Spring Break-Out

Mud season is upon us, and depending on your region it might be mucky already. This is also LIFR (“Let’s Instead Fly Recliners”) time, when most of us sit around wishing it would clear up. Maybe we’ll work out the skills at the sim station to stay fresh, or repair the drone(s) we crashed the day after Christmas. That’s the first advantage for those of you with the currency, comfort, and equipment to launch on a day like this: Runways and airways all to yourselves. And the freezing levels have climbed, so you can stay below icy layers. Best of all, you get to log actual instrument time, plus approaches. The caveat?
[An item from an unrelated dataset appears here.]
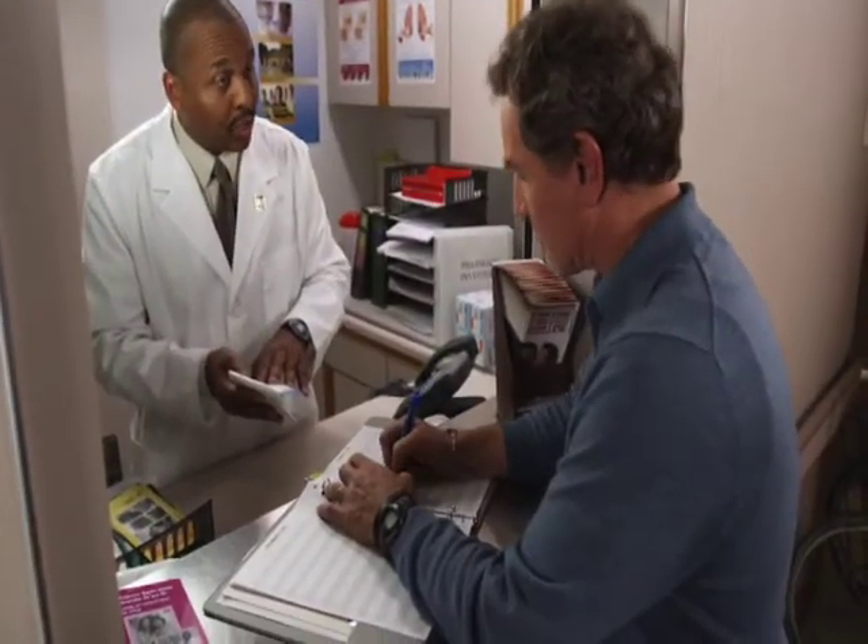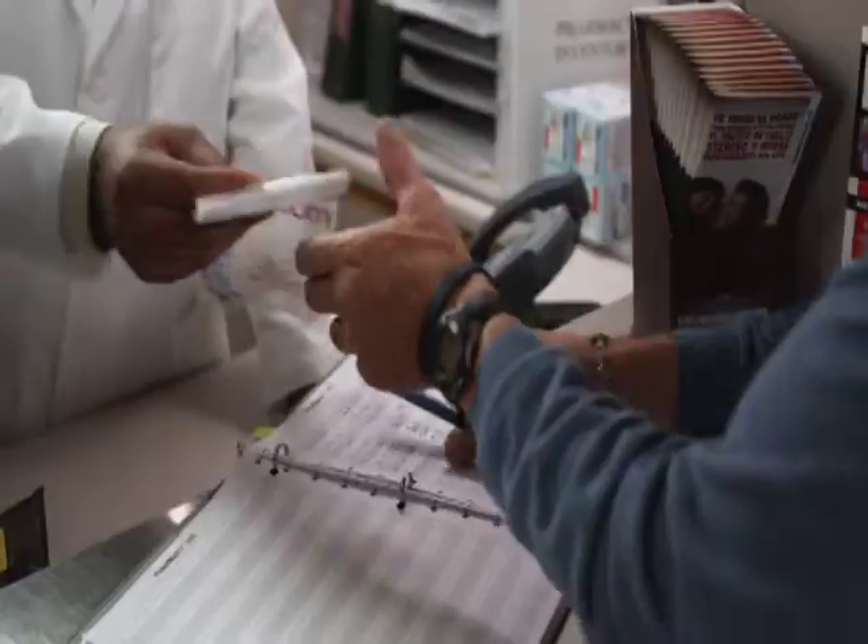If your INR is too high or too low, your doctor may change the amount of medicine that you take until your INR is within a range that's right for you.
It’ll take some willingness to be creative to ensure the muck doesn’t make for a bad day.

Plan B, First

That’s foremost on your mind as you plan a trip in the comfy late-model Cessna 182 Skylane to Marion, Illinois. It’s about 3.5 hours from home in Mount Pleasant, Michigan. There, you’ll stop to visit relatives for a night before continuing on south for a spring-break trip. It’s a route you’ve flown in IMC a couple times, even down to minimums. But you were solo and topped off, so it almost qualified for round trip. That’s not the case today; it won’t even be a one-way non-stop to KMWA. With the family, golf clubs, and a few bags, you’re limited to well under five hours’ total endurance. And due to low-overcast conditions for most of the route, you want to increase the usual 1-hour reserve-including-alternate to 1.5 hours.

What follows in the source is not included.